ZimRights forced to abandon photo exhibition after launch

human_rights_watchA photo exhibition organized by the Zimbabwe Human Rights Association went ahead in Harare on Wednesday evening after the High Court ordered police to return the photographs they had seized the previous day. But that same evening the police returned to the art gallery to try and confiscate the pictures again.


Journalist Angus Shaw told SW Radio Africa the photographs that highlighted human rights violations during the violent 2008 presidential elections, were returned by police five minutes before Prime Minister Morgan Tsvangirai was due to open the exhibit, but that the police returned later to attempt to re-seize the pictures.

However they found them (pictures) locked for the night and today they have been demanding from ZimRights the organizers of the exhibition that the photos be handed over to them again. This is in spite of a court action yesterday which found there was no basis in law for the police to shut down this exhibit.

Shaw said ZimRights decided on Thursday to abandon the exhibition, which was supposed to run for ten days, after the police went to their Harare offices in the morning. It was decided that, under this police harassment, the photographs be taken to an undisclosed location and that the exhibits can be re-planned or rescheduled later on.

ZimRights Director Okay Machisa had also been detained for several hours by Harare police and threatened with unspecified criminal charges, when the police first seized the photographs on Tuesday. Machisa was ordered by police to get the consent from all the people appearing in the photos.

It was understood that the pictures were released after intervention by the Prime Minister and the co-Home Affairs Minister Giles Mutsekwa. Shaw said: The Prime Minister was down in the diary to open the exhibition and ZimRights went to him and said Sir you are going to open empty walls, and he said he had contacted Giles Mutsekwa and the thing had been resolved.
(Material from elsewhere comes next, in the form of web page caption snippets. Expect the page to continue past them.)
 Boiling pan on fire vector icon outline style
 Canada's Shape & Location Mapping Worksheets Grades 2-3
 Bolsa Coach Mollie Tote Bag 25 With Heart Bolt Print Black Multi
The photographs show graphic detail of injuries and also show police chasing political activists with batons. One of the images shows the swollen face and bandaged head of Tsvangirai, when he was assaulted by police after they used violence to break up a Save Zimbabwe prayer march in 2007.
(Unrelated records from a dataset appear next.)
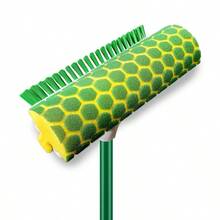 Niy Griy Sponge Mop Ih Buil-In Scrub Brush And Seel Handle - 肉凍 - 查看 8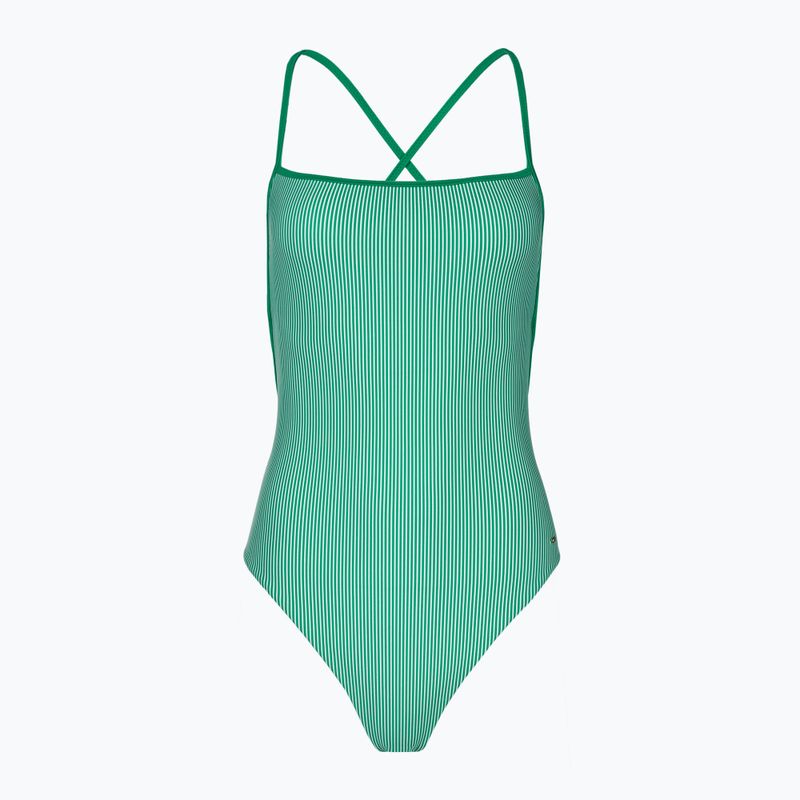 Plavky jednodielne dámske Tommy Hilfiger Straight Neck Print ithaca olimpic green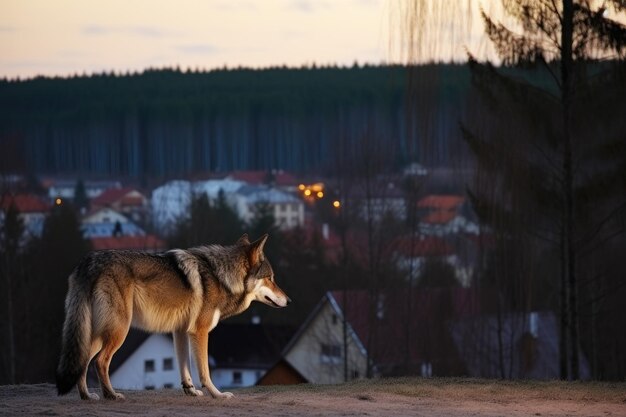 Photo big angry and hungry wolf in countryside village area generative ai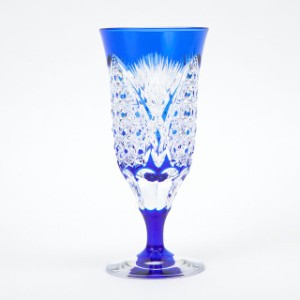 送料無料 江戸切子クリスタルガラスピルスナーグラス（瑠璃）ワイングラス（193）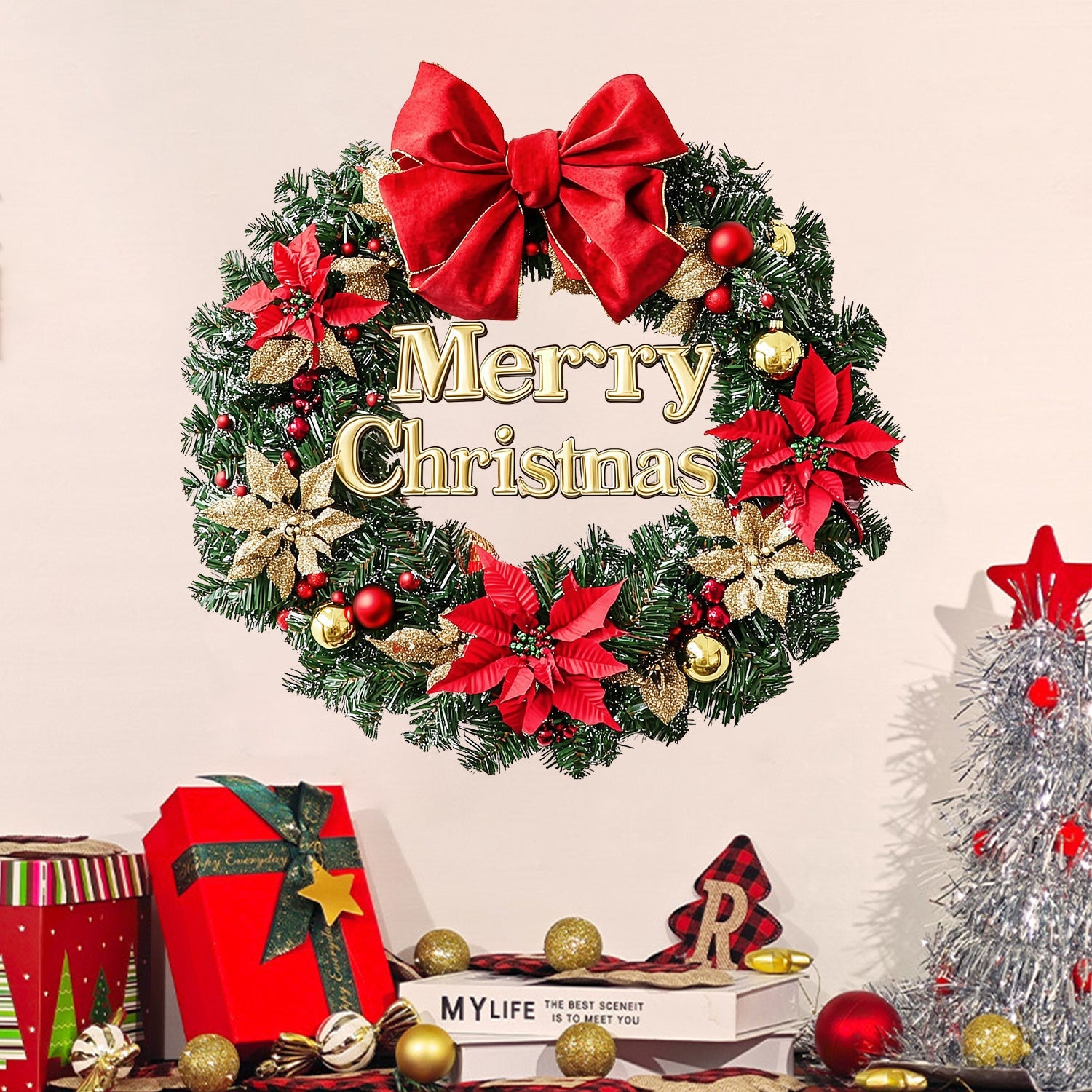 Premium Gold & Red Flower Wreath Wall Sticker | Elegant Festive Bow Decal for Christmas & New Year's Decor eprolo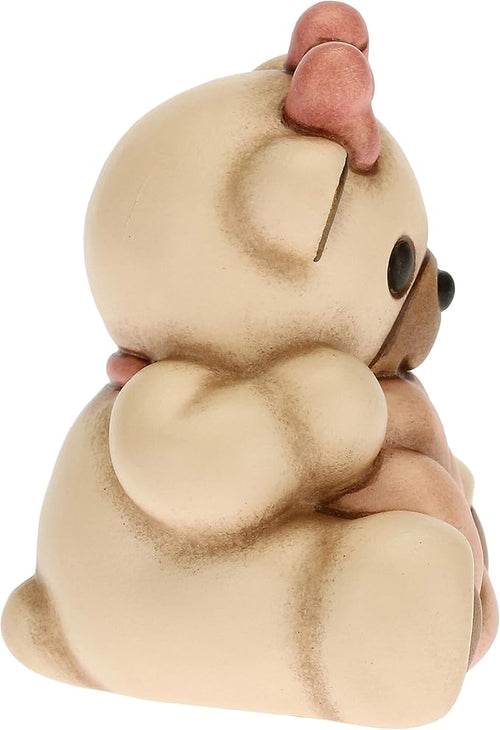 Teddy con quadrifoglio portafortuna rosa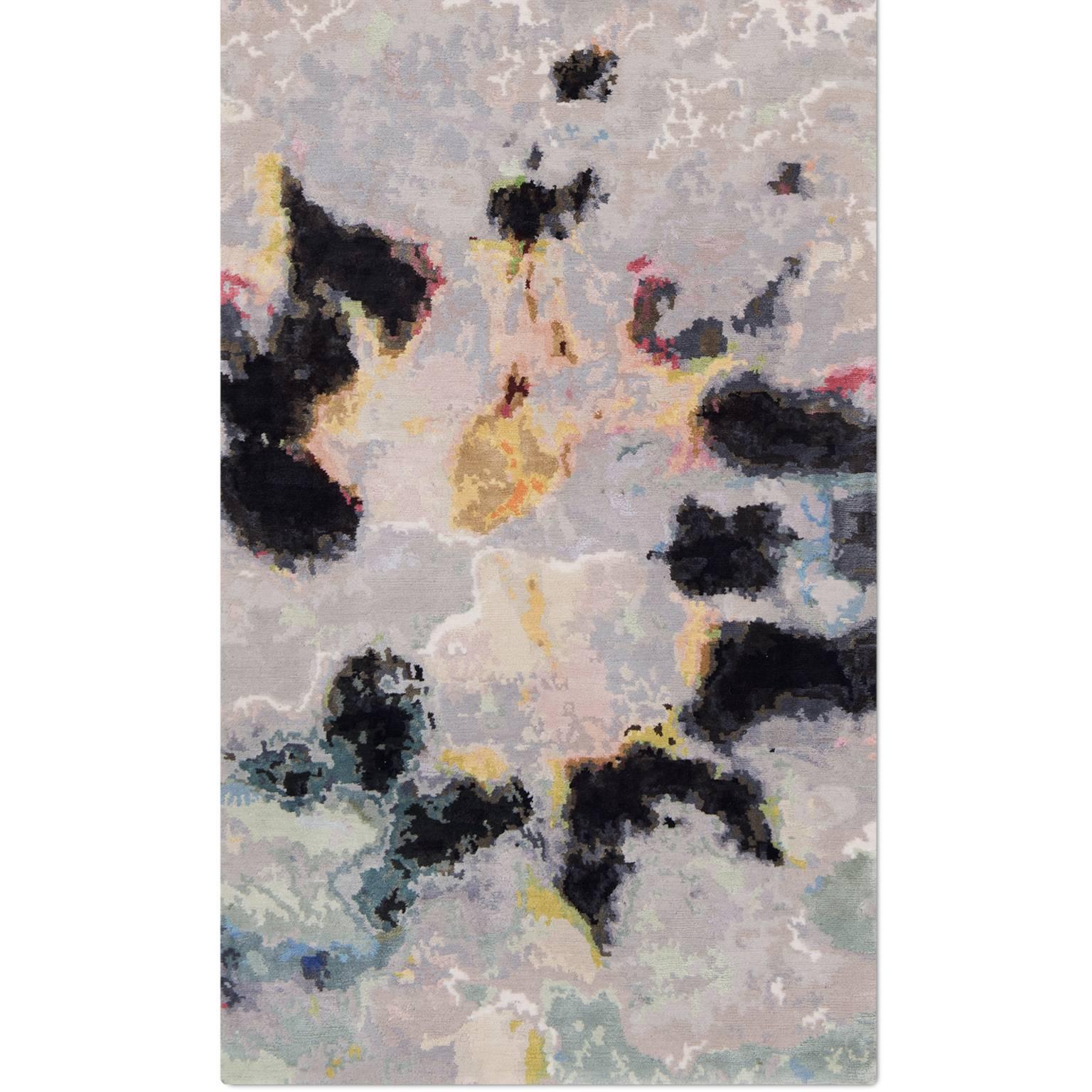 Nepalese 'Watercolours No. 01' Hand-Knotted Tibetan Contemporary Abstract Rug Wool & Silk For Sale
Others showed identifiable policemen in ZRP uniform and it is believed the police force do not want their handiwork to be seen in this manner.
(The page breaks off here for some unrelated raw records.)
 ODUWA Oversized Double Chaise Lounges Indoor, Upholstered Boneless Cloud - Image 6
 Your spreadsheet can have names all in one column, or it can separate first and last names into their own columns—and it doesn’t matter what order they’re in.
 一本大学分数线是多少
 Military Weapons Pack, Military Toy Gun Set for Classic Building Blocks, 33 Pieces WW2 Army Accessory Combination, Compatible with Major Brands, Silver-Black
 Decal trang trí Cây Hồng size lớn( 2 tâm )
Hundreds of people lost their lives while tens of thousand of others were battered and tortured during the controversial Presidential election. ZANU PF Ministers, legislators, war veterans, soldiers and youth militia were accused by the MDC and rights groups of having been behind the violence.

The Prime Minister said at the Wednesday opening ceremony that it was unfortunate that the police had seized the photographs in the first place. He said you cant cover wounds because they foster, and Zimbabwe must move toward national healing by addressing the recent violent past.

The exhibition was part of the human rights and advocacy groups campaign to open up debate on national healing and forgiveness.

Shaw said the police also claim there was nudity in some of the images and therefore the photographs were against the censorship laws. But the photos merely showed clinical nudity of peoples bruises and broken limbs. The journalist said none of the images are obscene, as the police had suggested.

Meanwhile the Combined Harare Residents Association (CHRA) criticized the police action and said it exposes the continuous harassment of rights defenders by State agent.

CHRA said: What is saddening is the fact that the arrest (of Machisa) came at a time when the Government is talking about national healing, reconciliation and political tolerance. The continued attacks on human rights defenders are a clear indication of bad faith on the part of the security forces as they perpetuate human rights violations.